§ **Instructions for the task**
Range to reproduce from the entries below: the line with "House 890m² in", the line with "Building Photo - 139 E 49th St", and every line in between. Give them exactly and give nothing else.
::: Data for this task :::
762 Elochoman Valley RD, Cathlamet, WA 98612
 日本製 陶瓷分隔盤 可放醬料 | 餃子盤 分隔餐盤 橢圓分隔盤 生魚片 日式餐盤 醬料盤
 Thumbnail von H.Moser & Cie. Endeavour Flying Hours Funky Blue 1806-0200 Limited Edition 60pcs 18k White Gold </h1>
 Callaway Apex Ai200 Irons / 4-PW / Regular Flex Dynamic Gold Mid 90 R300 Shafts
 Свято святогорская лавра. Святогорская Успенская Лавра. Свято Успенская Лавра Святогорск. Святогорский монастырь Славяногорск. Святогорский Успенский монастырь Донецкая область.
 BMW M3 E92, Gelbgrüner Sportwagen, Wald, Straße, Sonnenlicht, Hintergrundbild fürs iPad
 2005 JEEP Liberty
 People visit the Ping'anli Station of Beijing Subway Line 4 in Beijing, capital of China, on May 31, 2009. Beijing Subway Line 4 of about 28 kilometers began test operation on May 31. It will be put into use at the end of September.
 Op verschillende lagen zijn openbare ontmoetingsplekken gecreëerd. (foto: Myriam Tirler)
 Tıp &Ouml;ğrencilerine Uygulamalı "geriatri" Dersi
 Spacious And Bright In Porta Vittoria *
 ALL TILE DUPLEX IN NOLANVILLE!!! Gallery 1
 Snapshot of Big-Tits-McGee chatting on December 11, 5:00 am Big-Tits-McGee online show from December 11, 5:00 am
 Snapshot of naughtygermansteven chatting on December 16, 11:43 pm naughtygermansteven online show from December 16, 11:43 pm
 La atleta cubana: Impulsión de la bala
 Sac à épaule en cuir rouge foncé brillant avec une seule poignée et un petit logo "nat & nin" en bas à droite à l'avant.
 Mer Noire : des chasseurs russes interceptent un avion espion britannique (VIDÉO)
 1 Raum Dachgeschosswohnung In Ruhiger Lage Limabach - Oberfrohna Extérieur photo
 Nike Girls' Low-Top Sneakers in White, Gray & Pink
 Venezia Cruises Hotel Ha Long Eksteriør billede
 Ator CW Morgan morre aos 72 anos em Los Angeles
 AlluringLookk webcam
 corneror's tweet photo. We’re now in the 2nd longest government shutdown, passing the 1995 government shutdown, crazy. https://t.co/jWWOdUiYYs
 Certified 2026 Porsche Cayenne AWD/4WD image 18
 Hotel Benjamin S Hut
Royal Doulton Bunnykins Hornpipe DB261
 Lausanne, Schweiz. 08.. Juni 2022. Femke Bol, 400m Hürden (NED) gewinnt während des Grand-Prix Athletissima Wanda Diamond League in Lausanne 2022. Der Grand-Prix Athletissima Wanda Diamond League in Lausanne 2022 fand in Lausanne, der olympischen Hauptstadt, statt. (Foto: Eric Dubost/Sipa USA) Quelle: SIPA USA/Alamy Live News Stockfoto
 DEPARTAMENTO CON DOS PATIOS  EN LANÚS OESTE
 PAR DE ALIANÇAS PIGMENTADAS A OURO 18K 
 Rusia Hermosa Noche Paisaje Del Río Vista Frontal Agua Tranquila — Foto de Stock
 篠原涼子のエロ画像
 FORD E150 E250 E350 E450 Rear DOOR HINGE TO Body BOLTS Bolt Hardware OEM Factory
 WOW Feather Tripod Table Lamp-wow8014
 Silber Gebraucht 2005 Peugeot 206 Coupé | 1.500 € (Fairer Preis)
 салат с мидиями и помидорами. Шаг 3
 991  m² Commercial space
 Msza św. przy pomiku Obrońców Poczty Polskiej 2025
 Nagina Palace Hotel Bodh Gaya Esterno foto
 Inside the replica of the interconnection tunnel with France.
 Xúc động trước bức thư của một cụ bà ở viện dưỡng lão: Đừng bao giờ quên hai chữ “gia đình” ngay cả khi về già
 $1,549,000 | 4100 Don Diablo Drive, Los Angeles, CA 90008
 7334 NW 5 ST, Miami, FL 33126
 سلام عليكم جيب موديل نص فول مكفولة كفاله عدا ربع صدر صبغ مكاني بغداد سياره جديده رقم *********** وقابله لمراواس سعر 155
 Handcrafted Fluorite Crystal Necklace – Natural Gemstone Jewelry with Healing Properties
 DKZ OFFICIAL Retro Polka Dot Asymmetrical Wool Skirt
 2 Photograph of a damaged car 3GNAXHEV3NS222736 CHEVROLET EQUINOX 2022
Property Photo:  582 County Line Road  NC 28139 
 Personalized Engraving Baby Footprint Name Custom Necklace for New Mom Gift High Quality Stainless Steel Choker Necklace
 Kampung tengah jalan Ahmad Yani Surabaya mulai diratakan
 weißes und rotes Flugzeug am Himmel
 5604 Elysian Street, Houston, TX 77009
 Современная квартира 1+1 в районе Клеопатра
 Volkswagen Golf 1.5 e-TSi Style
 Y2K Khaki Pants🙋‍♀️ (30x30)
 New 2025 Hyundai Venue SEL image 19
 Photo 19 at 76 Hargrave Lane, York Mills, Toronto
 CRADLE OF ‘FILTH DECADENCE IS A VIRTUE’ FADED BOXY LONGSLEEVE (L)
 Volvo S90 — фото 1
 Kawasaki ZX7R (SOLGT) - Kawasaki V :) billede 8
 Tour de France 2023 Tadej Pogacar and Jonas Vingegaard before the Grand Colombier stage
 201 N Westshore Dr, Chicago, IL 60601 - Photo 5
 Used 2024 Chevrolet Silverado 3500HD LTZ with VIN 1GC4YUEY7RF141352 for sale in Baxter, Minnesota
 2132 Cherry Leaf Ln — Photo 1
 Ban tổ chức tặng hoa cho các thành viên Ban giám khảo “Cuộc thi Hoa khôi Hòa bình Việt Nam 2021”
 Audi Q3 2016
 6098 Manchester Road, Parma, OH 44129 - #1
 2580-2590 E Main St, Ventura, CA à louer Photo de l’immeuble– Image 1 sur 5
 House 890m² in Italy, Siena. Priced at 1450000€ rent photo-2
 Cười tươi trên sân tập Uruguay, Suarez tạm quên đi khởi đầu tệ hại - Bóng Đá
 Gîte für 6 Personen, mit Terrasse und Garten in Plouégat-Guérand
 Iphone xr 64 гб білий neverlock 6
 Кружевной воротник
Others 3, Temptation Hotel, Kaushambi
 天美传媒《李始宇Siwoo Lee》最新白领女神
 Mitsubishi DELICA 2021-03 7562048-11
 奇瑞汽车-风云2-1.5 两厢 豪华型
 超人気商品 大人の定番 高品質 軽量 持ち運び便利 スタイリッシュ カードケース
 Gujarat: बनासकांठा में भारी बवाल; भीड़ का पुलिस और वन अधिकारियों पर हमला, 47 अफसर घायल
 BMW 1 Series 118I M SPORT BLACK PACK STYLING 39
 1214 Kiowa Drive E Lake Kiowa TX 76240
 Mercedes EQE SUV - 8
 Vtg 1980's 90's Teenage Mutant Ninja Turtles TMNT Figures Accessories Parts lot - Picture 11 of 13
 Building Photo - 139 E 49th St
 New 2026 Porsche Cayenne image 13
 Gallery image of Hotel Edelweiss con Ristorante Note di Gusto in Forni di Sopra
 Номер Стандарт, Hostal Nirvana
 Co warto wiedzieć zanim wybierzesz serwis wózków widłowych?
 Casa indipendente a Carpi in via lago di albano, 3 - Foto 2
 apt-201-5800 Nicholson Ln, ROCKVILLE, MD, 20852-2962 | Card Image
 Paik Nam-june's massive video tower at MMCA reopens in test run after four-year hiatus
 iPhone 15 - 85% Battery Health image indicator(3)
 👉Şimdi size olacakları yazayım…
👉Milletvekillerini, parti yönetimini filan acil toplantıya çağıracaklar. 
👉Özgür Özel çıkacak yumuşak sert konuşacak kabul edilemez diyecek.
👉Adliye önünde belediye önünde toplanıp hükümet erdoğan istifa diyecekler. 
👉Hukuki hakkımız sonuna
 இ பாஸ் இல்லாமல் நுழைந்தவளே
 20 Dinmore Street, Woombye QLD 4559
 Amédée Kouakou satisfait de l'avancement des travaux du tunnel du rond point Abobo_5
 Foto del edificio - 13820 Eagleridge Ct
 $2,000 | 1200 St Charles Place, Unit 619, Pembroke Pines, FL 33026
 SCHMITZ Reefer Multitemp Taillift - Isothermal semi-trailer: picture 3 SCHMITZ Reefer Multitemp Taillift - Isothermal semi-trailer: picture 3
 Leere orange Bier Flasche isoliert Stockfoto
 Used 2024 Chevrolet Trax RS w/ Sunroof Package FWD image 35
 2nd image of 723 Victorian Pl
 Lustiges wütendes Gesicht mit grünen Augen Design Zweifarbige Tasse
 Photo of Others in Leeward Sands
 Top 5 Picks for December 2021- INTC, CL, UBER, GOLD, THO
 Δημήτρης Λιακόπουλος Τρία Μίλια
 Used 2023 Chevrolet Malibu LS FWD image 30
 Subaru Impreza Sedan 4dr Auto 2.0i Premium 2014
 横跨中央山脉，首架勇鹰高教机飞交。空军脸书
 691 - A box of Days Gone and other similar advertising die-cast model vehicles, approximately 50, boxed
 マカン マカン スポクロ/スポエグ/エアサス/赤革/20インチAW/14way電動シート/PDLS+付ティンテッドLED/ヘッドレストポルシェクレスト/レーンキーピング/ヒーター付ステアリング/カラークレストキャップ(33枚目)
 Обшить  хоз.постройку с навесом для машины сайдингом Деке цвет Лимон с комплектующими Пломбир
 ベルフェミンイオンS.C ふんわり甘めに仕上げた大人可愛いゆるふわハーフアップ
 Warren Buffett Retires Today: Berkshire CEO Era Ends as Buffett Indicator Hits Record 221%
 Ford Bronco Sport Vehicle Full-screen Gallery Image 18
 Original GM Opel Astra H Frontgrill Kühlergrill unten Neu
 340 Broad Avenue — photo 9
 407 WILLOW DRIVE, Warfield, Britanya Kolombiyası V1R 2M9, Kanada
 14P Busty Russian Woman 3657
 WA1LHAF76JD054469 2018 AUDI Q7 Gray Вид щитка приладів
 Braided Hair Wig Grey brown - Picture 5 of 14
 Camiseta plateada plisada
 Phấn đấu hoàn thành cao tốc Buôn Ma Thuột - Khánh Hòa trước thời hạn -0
:::
§ **Written solution**
 House 890m² in Italy, Siena. Priced at 1450000€ rent photo-2
 Cười tươi trên sân tập Uruguay, Suarez tạm quên đi khởi đầu tệ hại - Bóng Đá
 Gîte für 6 Personen, mit Terrasse und Garten in Plouégat-Guérand
 Iphone xr 64 гб білий neverlock 6
 Кружевной воротник
Others 3, Temptation Hotel, Kaushambi
 天美传媒《李始宇Siwoo Lee》最新白领女神
 Mitsubishi DELICA 2021-03 7562048-11
 奇瑞汽车-风云2-1.5 两厢 豪华型
 超人気商品 大人の定番 高品質 軽量 持ち運び便利 スタイリッシュ カードケース
 Gujarat: बनासकांठा में भारी बवाल; भीड़ का पुलिस और वन अधिकारियों पर हमला, 47 अफसर घायल
 BMW 1 Series 118I M SPORT BLACK PACK STYLING 39
 1214 Kiowa Drive E Lake Kiowa TX 76240
 Mercedes EQE SUV - 8
 Vtg 1980's 90's Teenage Mutant Ninja Turtles TMNT Figures Accessories Parts lot - Picture 11 of 13
 Building Photo - 139 E 49th St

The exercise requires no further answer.